私たちは6月24日に洗礼者ヨハネの誕生日を祝うことによって、12月25日のことを思う。世の中の人が誰も気が付かない6月24日にクリスマスを思い、イエスの誕生を考える。神の働きは常にそうだ。人間が誰も気が付かない時に、神の働きは始まっている。ヨハネが生まれた時、人々は言った。「いったい、この子はどんな人になるのだろうか」。人々は何かを予感していた。しかし、その予感の内容までは思いもつかなかった。
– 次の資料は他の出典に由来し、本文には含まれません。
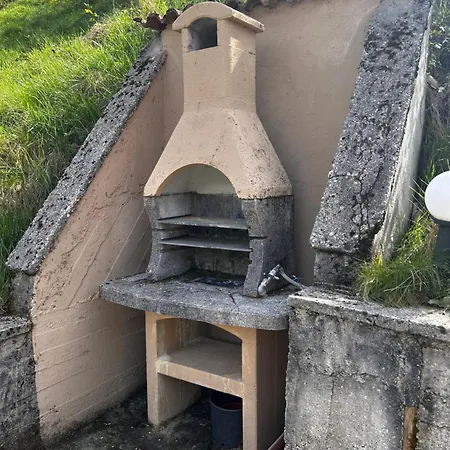 Calcar Chalet Avenone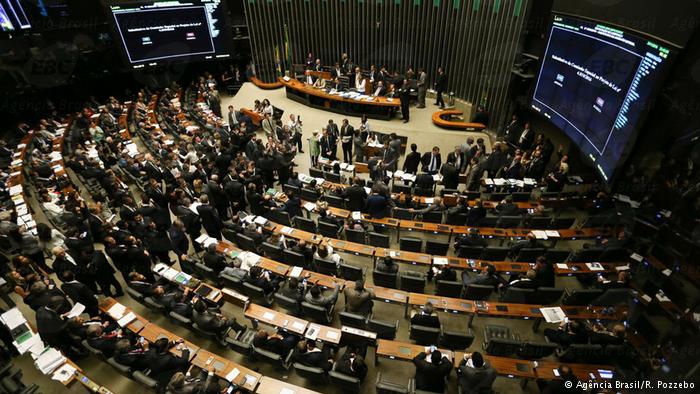 dw_brasil's tweet photo. Juristas repudiam nova versão de lei anticorrupção https://t.co/onlH5kl1Vy #PL4850 https://t.co/9fcVMKtfUL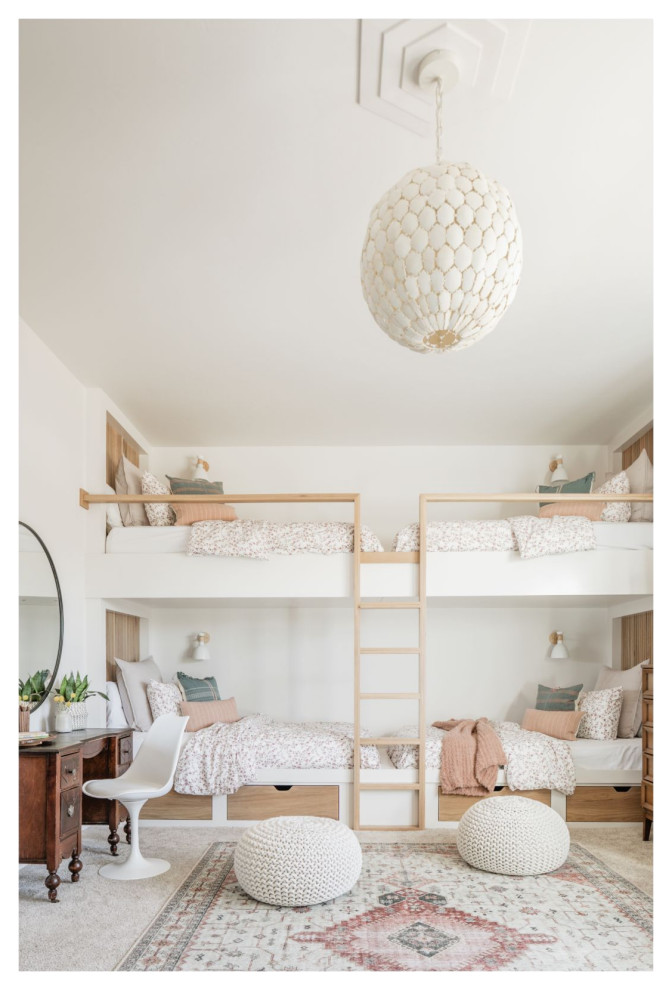 На фото: спальня среднего размера на антресоли в стиле неоклассика (современная классика) с белыми стенами, ковровым покрытием, бежевым полом и сводчатым потолком с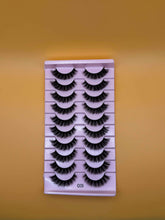 Load image into Gallery viewer, ‘Q’ 10 pair lashes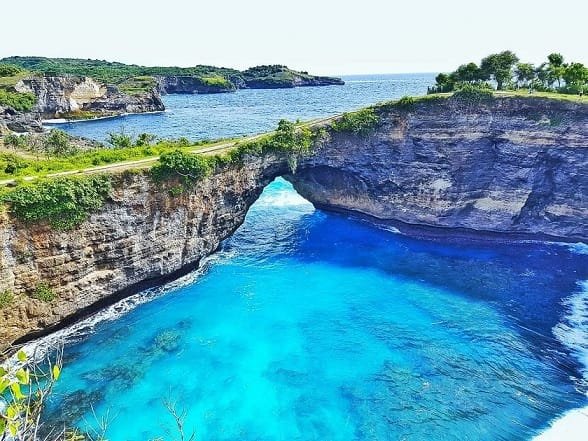 tempat wisata terbaik di Indonesia nusa penida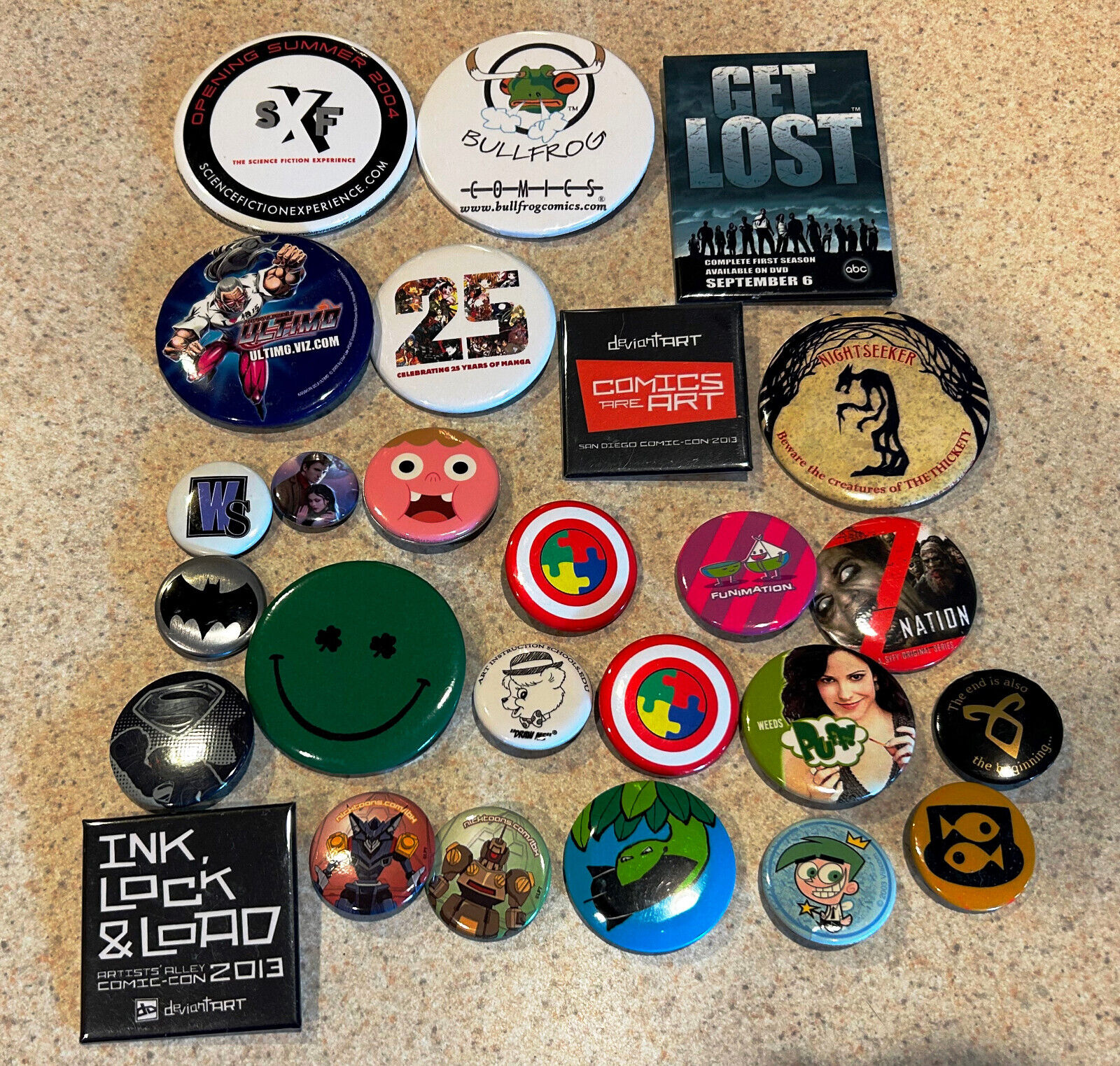 COMIC BOOK / NERD CULTURE / SCIFI -- Huge Lot of 84 Promo Pins Buttons -- SDCC + Без бренда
しかし、その半年前、ちょうど12月下旬ころ、一人の乙女マリアがエリザベツのところを訪問したことを気にも留めなかった。しかし、エリザベトとマリアとはそこで起こったことを知っている。頭で知ってるというより、身体で知っていた。特にエリザベトは胎内のヨハネが踊ったことを知っていた。神の働きは常にそうだ。人間が誰も気が付かないときに、神の働きは始まっている。それを知っているのは、人々から子供を産めない女として馬鹿にされていた老婆であり、未婚の母となろうとしてた若きマリアだけであった。この間、ザカリアは口がきけなかった。神の秘密を知らされて男は黙るほかない。それはマリアの夫ヨセフも同じであった。おそらく、彼ら男連中はただおろおろするだけだったであろう。その意味では、ザカリアもヨセフも「女を守る」ということに専念せざるを得なかったであろう。それが彼らの使命であった。神の偉大な働きは女性を通して始まる。